ENTRIES SUPPLIED:
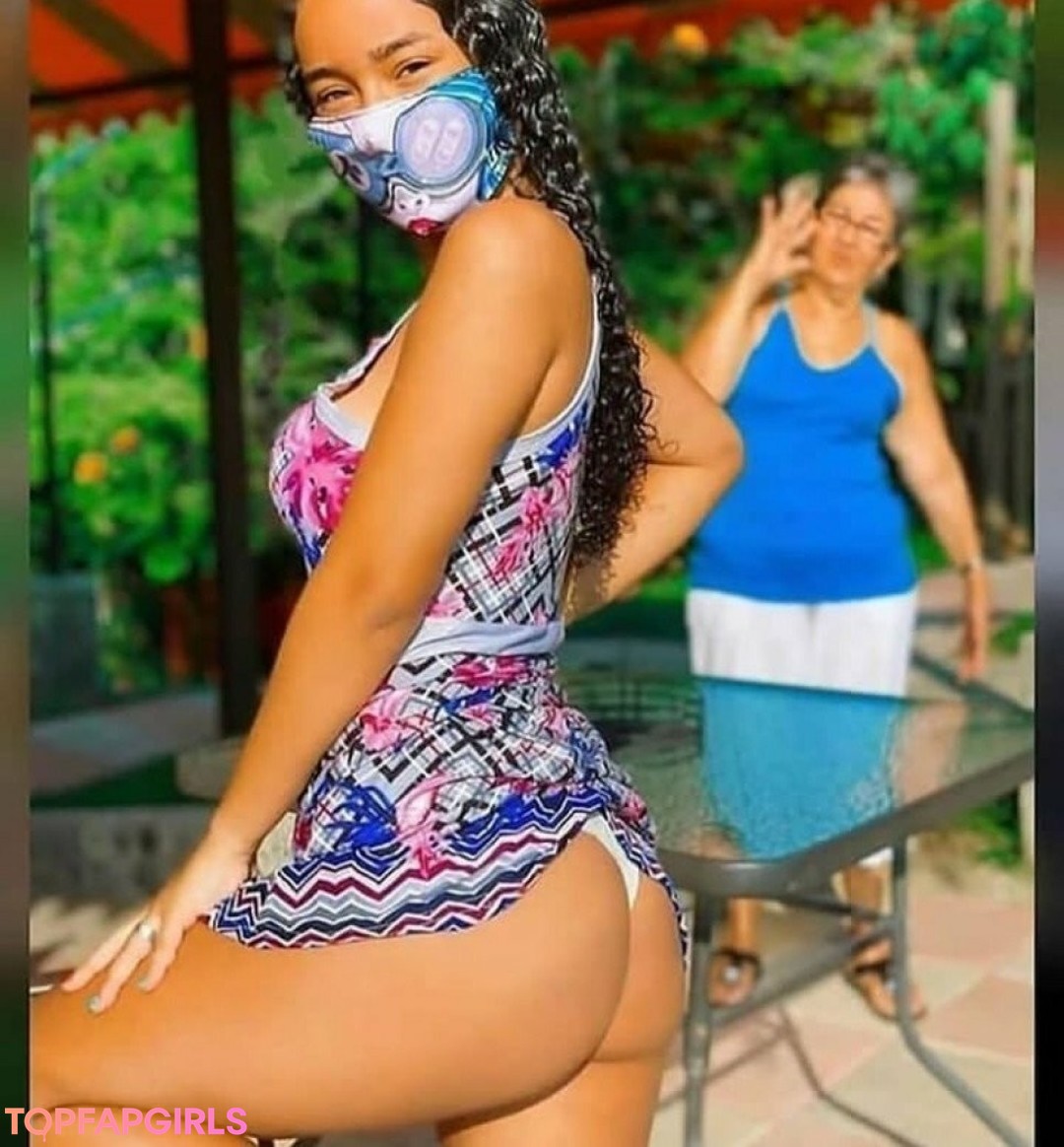 Nacktes geleaktes OnlyFans-Foto von Valery Altamar #499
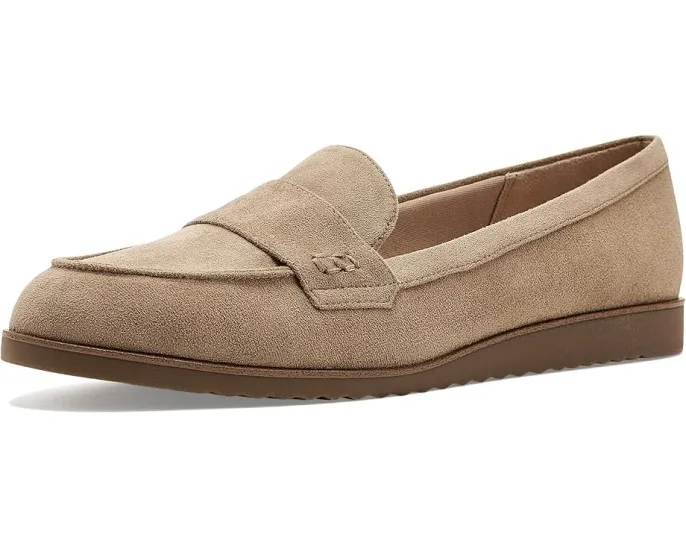 Loafers LifeStride Zee с круглым носком и системой комфорта Velocity 2.0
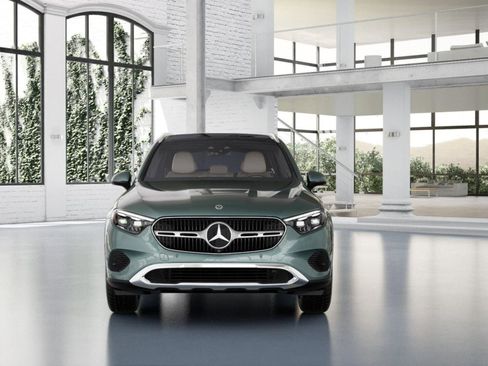 New 2026 Mercedes-Benz GLC 350e 4MATIC image 7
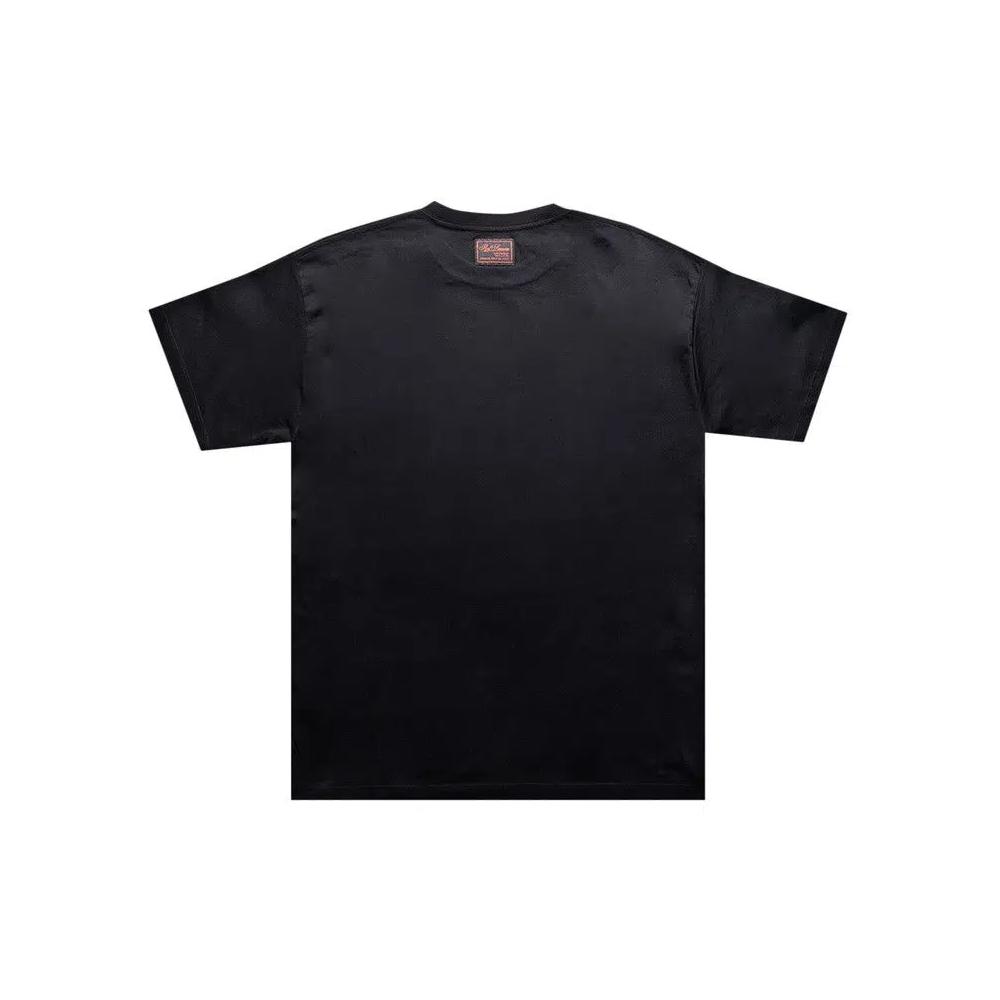 Футболки Raf Simons Ghost Print Big Fit Футболка 'Черный' 2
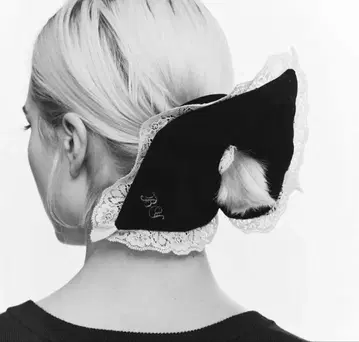 Bibiy. MILLIE SHUSHU 블랙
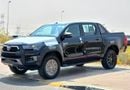 Toyota Hilux TOYOTA HILUX ADVENTURE 4.0L FULL-OPTION BLACK COLOR 2025 MODEL (BSM)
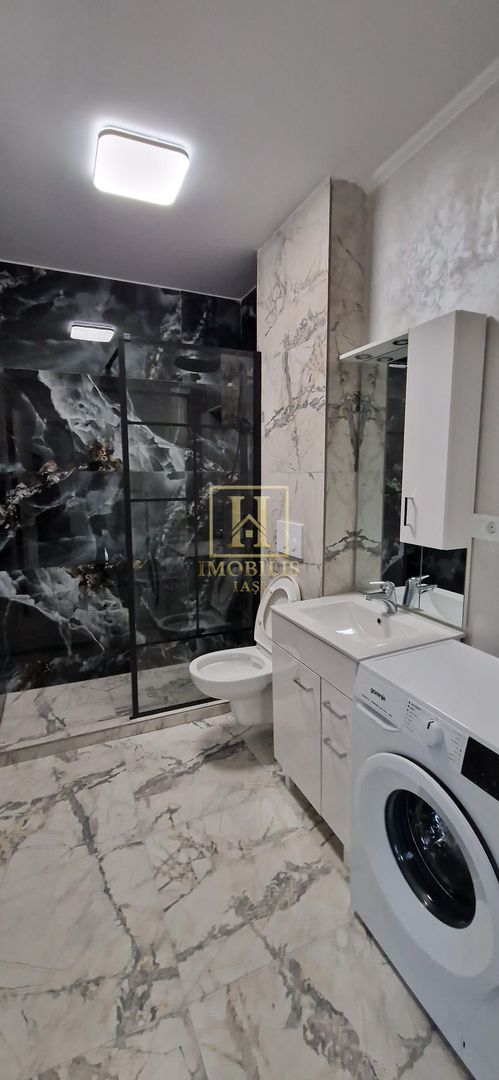 Apartament 2 camere INTABULAT Rediu 89200 euro loc parcare inclus - Poză 7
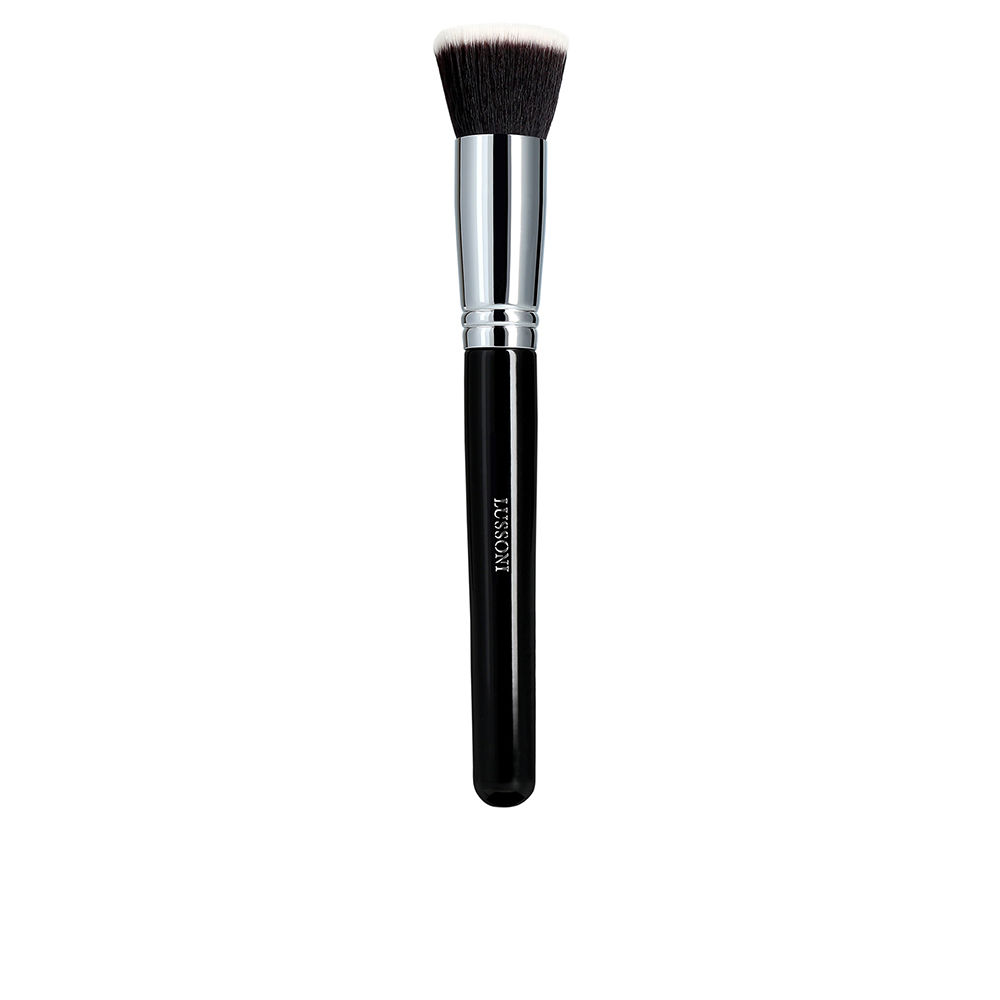 LussoniProFlatTopKabukiBrush112 Lussoni Pro Flat Top Kabuki Brush #112 - Image 1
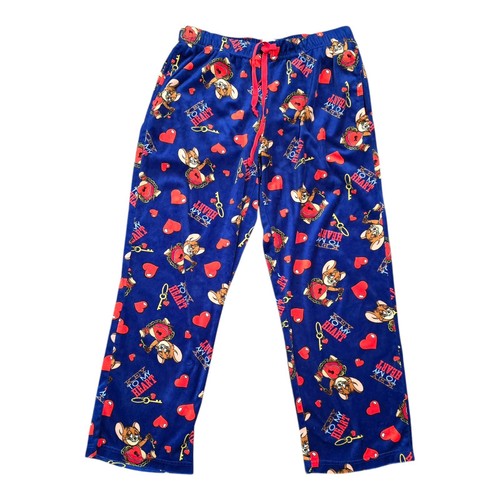 Tom and jerry velour pajama - tom,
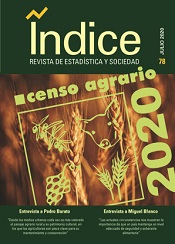 Cubierta del número 78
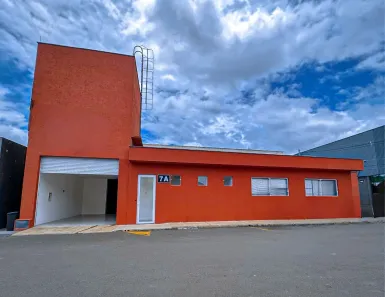 Galpão/Depósito/Armazém para alugar, 380m² no Protestantes, Votorantim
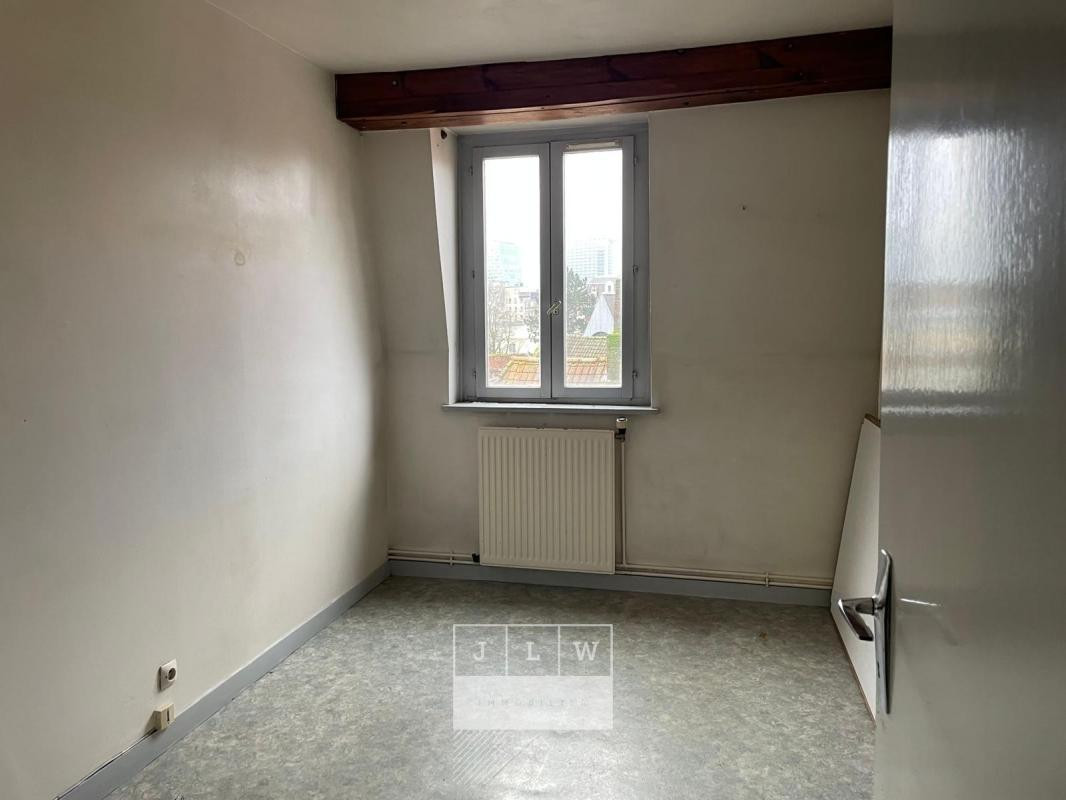 Investissement Place Louise de Bettignies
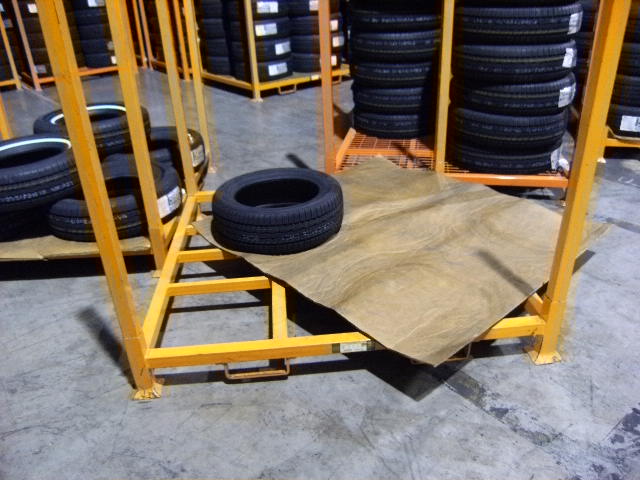 Tier-Rack Custom Warehouse Racks, Stack Racks, Wire Mesh Bins, Pad Racks, Pallet Racks, Portable Racks, Moveable Racks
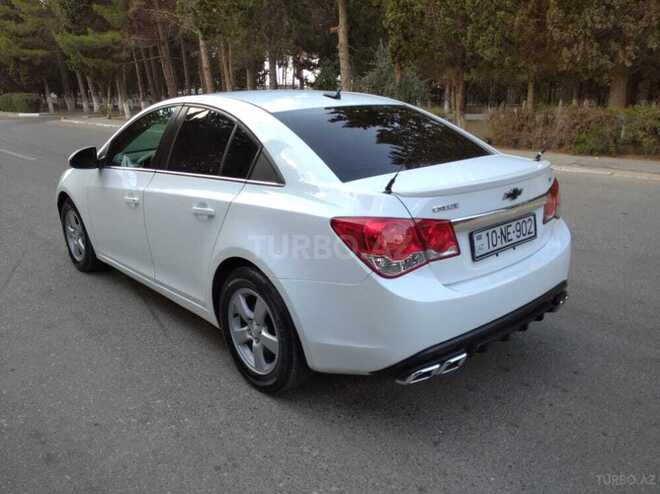 Chevrolet Cruze 2013, 220,000 km - 1.4 l - Sumqayıt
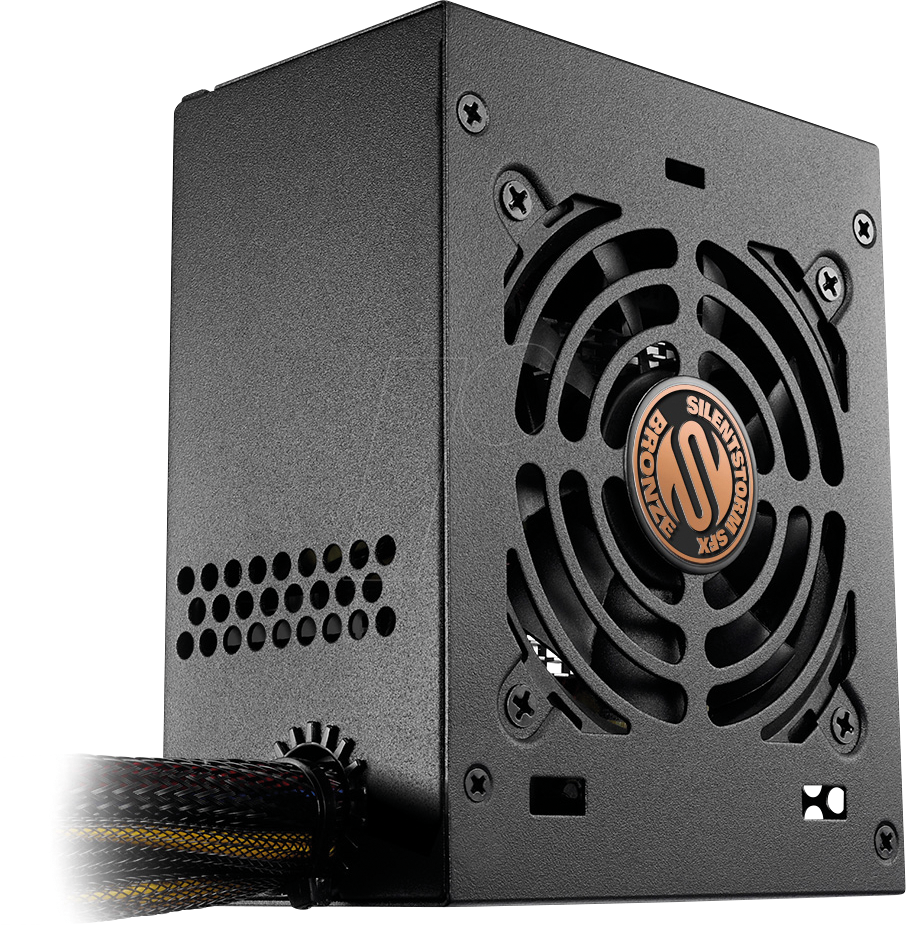 SHARK SFX450 - Sharkoon Silentstorm SFX 450W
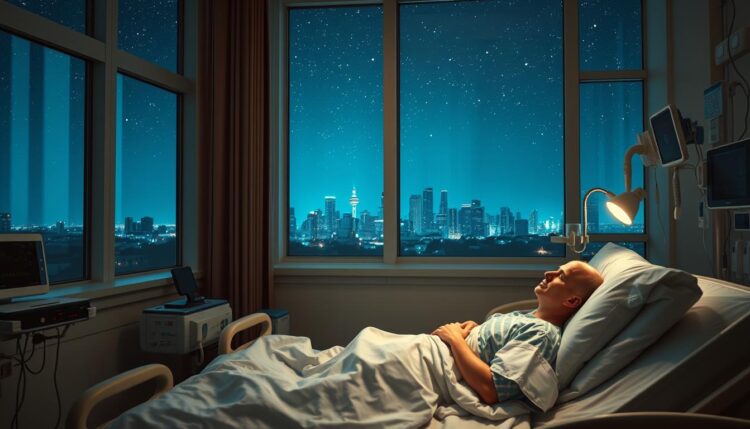 what a hospital stay taught me about life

REQUIREMENT: All that is wanted is the lines above between the one containing "Toyota Hilux TOYOTA" and the one containing "LussoniProFlatTopKabukiBrush112 Lussoni Pro", inclusive, restated word for word, with pictures omitted.

RESULT OF THIS TASK:
 Toyota Hilux TOYOTA HILUX ADVENTURE 4.0L FULL-OPTION BLACK COLOR 2025 MODEL (BSM)
 Apartament 2 camere INTABULAT Rediu 89200 euro loc parcare inclus - Poză 7
 LussoniProFlatTopKabukiBrush112 Lussoni Pro Flat Top Kabuki Brush #112 - Image 1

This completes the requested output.